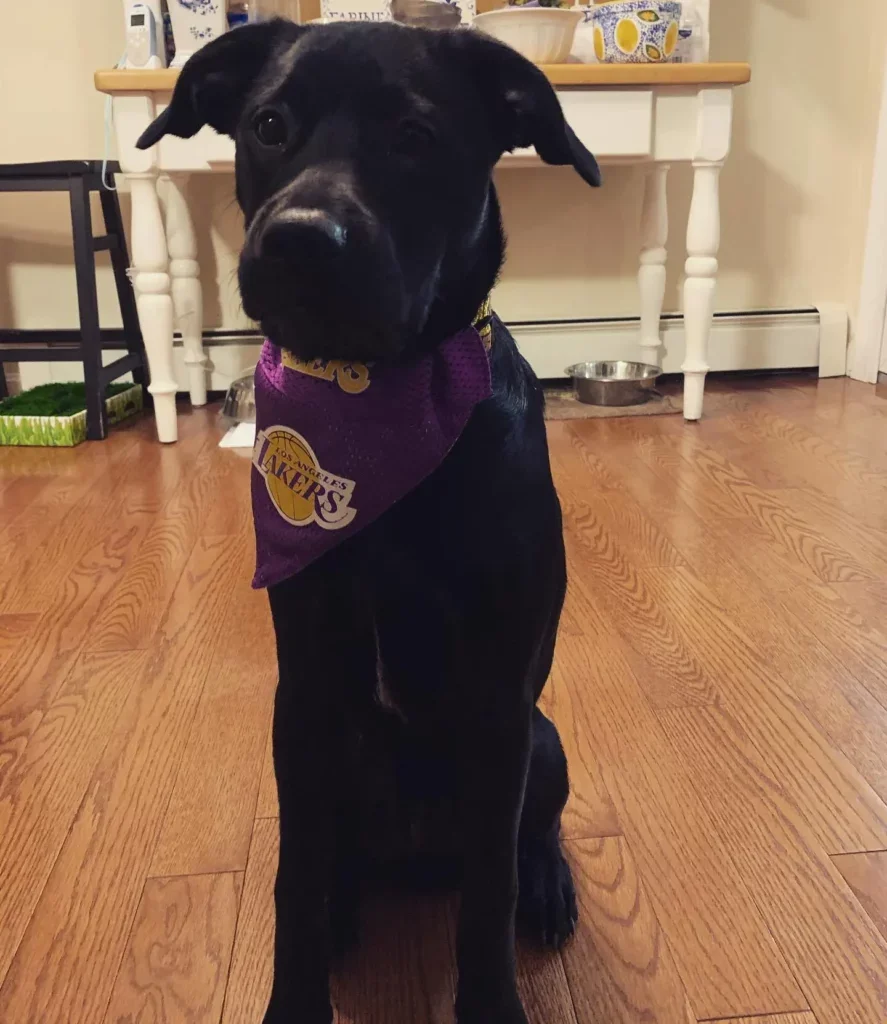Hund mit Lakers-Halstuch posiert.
--
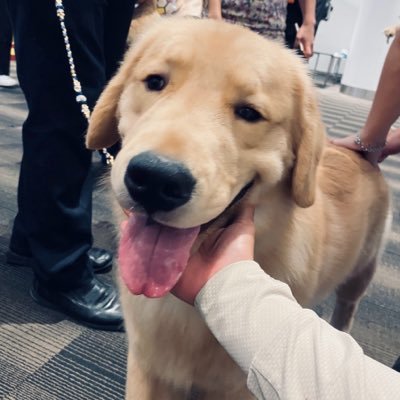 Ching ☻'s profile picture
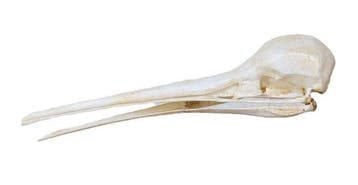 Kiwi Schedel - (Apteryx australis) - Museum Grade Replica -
==
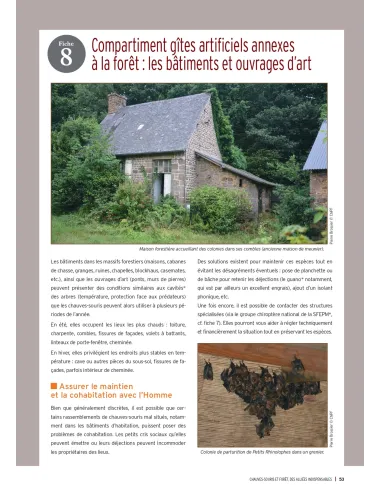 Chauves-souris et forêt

- **Brief**: Everything above from the line with "Ching ☻'s profile picture" through the line with "Kiwi Schedel - (Apteryx" should be retyped exactly, and nothing else; omit pictures.

- **The completed task**:
 Ching ☻'s profile picture
 Kiwi Schedel - (Apteryx australis) - Museum Grade Replica -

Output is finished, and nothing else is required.